Ni Pardaillan père ni Pardaillan fils n'étaient morts. Ils s'étaient bel et bien tirés de la fournaise, en passant par le trou fait à la pioche.

Les trois assiégés se trouvèrent dans une sorte de grenier où le voisin serrait ses sacs de grains pour les volailles qu'il nourrissait. Ce grenier était fermé d'une vieille porte dont on fit sauter la serrure. Alors, ils se précipitèrent dans un escalier qui aboutissait à la cuisine.

Cette cuisine ouvrait, d'une part, sur la boutique; mais, par là, on aboutissait à la rue, c'est-à-dire en plein traquenard. D'autre part, elle donnait sur une cour assez vaste, dont les quatre côtes étaient occupés par des poulaillers.

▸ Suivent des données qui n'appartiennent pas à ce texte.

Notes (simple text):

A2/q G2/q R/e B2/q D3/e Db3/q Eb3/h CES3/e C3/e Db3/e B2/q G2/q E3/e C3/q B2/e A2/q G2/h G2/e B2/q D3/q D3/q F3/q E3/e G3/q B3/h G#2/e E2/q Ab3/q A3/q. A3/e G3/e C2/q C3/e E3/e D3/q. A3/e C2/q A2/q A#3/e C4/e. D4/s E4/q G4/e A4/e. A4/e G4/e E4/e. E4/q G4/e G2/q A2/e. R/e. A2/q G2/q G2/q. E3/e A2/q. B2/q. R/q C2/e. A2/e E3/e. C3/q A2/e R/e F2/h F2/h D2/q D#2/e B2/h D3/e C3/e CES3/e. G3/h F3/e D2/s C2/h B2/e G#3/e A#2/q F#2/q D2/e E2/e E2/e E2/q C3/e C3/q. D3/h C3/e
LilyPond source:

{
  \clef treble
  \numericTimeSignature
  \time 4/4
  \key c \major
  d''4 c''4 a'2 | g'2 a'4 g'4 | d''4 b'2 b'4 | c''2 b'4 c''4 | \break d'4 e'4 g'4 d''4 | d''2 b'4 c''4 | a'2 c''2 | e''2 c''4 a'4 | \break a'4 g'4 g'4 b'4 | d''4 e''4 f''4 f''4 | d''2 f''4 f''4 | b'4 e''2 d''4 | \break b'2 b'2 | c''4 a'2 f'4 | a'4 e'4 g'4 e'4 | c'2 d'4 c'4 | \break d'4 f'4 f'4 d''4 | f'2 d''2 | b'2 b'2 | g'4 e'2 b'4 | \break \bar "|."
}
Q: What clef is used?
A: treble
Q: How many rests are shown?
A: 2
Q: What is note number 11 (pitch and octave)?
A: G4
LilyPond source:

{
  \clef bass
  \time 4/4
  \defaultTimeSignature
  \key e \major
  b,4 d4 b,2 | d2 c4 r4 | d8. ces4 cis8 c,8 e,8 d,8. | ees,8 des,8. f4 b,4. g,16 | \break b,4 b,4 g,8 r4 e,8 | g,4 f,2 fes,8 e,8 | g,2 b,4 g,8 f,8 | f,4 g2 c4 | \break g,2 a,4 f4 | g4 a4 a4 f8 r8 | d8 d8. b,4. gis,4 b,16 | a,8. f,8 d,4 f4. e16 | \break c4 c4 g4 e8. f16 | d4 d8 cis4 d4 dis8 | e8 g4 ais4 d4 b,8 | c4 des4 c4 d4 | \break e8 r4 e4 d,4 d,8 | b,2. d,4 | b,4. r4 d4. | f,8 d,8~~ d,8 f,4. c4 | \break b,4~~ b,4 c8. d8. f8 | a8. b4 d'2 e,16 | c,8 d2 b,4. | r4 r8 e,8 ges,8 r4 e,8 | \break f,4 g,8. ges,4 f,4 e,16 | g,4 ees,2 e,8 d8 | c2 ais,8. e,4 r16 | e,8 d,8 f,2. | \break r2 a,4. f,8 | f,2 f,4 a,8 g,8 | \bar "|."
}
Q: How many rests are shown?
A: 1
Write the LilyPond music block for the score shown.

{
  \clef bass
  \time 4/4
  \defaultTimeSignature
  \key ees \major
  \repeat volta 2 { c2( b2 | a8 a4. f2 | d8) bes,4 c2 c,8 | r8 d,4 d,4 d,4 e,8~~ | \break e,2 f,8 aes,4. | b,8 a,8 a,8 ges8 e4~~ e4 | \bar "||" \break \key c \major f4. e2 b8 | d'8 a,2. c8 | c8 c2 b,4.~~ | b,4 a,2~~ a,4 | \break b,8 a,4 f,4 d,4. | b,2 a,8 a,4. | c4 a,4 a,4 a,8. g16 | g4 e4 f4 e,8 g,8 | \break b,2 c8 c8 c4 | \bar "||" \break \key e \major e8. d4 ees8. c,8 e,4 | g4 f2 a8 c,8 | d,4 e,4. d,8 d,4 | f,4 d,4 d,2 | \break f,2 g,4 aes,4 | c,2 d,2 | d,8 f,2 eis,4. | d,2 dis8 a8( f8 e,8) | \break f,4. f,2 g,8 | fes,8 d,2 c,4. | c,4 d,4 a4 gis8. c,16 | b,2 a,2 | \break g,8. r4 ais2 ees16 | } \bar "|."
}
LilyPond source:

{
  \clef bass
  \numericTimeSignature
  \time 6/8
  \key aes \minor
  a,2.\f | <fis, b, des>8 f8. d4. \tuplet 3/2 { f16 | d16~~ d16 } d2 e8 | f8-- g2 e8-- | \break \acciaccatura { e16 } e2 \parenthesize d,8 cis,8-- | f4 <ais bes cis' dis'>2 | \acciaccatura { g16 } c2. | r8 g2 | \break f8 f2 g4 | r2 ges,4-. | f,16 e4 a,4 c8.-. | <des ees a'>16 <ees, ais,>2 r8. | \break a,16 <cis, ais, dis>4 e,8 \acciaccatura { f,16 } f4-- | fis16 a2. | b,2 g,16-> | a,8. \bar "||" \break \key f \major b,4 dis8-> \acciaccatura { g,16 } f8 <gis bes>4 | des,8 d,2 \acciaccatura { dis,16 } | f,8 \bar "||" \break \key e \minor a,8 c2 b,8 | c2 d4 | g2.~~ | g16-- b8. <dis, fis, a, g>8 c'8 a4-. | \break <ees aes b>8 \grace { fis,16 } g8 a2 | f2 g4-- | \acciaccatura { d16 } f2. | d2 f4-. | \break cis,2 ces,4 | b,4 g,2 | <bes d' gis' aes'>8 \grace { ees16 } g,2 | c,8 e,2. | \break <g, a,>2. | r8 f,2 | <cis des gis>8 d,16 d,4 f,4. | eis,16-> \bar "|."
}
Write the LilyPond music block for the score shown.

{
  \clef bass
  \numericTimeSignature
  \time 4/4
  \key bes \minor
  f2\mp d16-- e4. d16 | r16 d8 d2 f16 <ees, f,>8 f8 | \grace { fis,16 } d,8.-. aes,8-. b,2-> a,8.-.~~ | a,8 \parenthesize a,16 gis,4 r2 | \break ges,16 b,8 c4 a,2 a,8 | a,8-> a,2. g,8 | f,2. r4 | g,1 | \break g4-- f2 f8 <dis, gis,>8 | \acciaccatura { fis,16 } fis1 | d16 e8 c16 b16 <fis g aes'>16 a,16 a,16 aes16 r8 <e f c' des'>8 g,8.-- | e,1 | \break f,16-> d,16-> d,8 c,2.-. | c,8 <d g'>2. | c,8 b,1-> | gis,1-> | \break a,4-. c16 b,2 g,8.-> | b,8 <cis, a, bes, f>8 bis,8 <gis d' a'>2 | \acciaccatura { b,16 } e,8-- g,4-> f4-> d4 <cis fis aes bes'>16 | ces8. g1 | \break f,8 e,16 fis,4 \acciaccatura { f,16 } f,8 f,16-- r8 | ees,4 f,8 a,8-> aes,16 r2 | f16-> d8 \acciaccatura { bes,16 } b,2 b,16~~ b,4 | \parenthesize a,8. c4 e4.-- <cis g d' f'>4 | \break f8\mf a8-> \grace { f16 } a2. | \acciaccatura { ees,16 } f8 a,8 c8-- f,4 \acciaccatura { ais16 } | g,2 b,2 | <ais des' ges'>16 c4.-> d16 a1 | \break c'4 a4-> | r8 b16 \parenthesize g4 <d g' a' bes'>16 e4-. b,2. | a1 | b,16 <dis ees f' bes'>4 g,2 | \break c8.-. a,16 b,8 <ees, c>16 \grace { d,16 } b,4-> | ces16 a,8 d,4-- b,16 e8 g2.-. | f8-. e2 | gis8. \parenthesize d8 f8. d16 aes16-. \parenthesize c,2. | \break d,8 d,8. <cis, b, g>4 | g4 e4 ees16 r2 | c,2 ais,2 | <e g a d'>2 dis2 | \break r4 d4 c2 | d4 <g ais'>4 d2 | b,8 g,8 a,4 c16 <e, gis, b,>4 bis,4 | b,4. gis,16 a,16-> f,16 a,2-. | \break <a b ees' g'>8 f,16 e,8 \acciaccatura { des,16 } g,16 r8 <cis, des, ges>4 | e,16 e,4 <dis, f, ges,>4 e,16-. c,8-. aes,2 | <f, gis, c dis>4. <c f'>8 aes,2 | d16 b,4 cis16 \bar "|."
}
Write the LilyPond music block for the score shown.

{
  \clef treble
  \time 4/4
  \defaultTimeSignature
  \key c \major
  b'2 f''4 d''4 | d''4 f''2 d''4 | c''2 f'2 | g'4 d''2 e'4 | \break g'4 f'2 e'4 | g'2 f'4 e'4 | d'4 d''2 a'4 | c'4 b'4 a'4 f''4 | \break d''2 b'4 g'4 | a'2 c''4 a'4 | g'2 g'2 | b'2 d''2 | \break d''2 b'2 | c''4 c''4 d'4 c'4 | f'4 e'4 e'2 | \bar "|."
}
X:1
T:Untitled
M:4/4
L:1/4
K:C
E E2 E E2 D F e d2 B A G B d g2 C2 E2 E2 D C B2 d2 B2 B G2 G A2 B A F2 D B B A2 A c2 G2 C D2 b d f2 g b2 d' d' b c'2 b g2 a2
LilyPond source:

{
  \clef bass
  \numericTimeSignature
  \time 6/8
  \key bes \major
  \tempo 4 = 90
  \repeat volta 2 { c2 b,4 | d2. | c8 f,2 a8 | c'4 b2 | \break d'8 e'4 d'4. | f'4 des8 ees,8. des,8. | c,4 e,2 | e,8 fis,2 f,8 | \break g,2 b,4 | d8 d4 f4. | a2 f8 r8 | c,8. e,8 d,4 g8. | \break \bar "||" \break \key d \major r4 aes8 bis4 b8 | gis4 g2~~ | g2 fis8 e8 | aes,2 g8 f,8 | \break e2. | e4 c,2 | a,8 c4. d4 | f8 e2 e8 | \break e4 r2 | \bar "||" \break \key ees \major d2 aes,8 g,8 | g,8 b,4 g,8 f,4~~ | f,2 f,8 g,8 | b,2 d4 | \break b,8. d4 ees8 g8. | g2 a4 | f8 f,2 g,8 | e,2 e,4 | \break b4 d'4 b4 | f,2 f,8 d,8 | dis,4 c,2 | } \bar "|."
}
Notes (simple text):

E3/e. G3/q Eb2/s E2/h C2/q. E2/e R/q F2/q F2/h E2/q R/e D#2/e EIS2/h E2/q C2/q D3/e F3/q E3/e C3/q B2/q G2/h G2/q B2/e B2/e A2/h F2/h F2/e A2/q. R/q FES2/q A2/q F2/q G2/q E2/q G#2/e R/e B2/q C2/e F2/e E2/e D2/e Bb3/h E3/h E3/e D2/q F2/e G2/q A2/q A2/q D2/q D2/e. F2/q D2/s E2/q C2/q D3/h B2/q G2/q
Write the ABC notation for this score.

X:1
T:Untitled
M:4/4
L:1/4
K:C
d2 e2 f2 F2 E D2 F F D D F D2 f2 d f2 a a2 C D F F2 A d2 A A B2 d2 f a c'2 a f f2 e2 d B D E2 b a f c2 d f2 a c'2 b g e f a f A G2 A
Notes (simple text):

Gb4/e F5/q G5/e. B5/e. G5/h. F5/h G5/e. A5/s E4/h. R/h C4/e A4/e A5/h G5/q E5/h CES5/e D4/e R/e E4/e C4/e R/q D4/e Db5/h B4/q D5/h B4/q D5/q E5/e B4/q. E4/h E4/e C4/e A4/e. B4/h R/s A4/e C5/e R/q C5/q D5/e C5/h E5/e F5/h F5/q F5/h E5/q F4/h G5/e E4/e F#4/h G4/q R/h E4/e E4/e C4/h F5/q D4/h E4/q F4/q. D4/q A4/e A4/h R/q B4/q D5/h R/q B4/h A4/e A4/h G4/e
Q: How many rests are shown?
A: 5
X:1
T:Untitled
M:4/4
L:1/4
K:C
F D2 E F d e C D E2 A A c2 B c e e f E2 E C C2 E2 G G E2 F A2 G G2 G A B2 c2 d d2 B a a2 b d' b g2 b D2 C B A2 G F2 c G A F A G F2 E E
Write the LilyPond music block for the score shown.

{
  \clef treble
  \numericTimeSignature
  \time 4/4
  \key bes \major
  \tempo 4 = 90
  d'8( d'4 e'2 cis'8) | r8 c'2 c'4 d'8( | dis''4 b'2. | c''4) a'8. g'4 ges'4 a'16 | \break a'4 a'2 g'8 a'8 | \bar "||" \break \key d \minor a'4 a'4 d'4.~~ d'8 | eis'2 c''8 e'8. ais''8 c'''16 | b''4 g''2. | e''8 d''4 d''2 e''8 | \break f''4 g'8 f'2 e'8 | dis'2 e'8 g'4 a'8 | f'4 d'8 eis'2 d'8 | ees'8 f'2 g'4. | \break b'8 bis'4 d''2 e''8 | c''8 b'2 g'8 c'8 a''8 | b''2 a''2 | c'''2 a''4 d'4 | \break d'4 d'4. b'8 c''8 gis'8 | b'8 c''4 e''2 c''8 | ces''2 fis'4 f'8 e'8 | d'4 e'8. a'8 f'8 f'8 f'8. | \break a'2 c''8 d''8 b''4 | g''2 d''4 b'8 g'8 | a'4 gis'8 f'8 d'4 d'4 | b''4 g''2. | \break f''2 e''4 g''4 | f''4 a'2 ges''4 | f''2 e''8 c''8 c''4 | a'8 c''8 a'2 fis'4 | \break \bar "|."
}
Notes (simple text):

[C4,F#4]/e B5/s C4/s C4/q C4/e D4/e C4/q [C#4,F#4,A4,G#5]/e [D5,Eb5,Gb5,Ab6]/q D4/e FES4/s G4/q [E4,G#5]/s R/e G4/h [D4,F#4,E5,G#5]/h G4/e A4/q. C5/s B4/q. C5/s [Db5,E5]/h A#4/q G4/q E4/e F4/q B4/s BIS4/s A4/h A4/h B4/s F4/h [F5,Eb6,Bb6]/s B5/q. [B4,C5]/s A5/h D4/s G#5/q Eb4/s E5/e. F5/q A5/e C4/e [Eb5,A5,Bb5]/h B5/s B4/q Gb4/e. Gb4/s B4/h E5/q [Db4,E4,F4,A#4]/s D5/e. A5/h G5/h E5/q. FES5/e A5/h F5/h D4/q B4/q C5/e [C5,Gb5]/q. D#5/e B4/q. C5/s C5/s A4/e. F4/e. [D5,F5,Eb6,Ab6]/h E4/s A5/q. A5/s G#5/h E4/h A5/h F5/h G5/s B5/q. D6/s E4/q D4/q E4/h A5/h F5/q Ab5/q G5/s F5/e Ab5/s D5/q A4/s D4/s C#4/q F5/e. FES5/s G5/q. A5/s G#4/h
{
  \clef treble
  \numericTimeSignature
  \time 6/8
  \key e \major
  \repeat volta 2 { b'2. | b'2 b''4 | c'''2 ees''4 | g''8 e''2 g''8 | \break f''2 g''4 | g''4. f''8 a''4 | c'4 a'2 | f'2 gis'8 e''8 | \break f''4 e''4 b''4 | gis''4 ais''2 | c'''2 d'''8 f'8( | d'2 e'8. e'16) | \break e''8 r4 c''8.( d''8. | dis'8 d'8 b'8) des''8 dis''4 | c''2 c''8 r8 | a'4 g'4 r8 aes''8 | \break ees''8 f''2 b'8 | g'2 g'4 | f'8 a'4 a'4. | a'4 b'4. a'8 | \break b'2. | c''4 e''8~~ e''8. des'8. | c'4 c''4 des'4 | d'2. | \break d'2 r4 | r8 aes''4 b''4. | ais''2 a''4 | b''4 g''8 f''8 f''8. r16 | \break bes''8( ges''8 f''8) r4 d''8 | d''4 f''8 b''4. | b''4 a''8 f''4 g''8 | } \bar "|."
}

Les murs de clôture étaient assez élevés. Mais il était facile de les franchir en montant sur le toit d'un poulailler.

Le chevalier, le premier, se hissa à la force du poignet. Il tendit la main à Catho, qui en un instant le rejoignit; puis ce fut le tour du vieux Pardaillan. De là à la crête du mur, cela devenait un jeu. Et une fois sur le mur, ils n'eurent plus qu'à se laisser tomber.

Ils se trouvèrent alors dans un jardin de maraîcher.

—Que vas-tu faire? demanda le routier à Catho.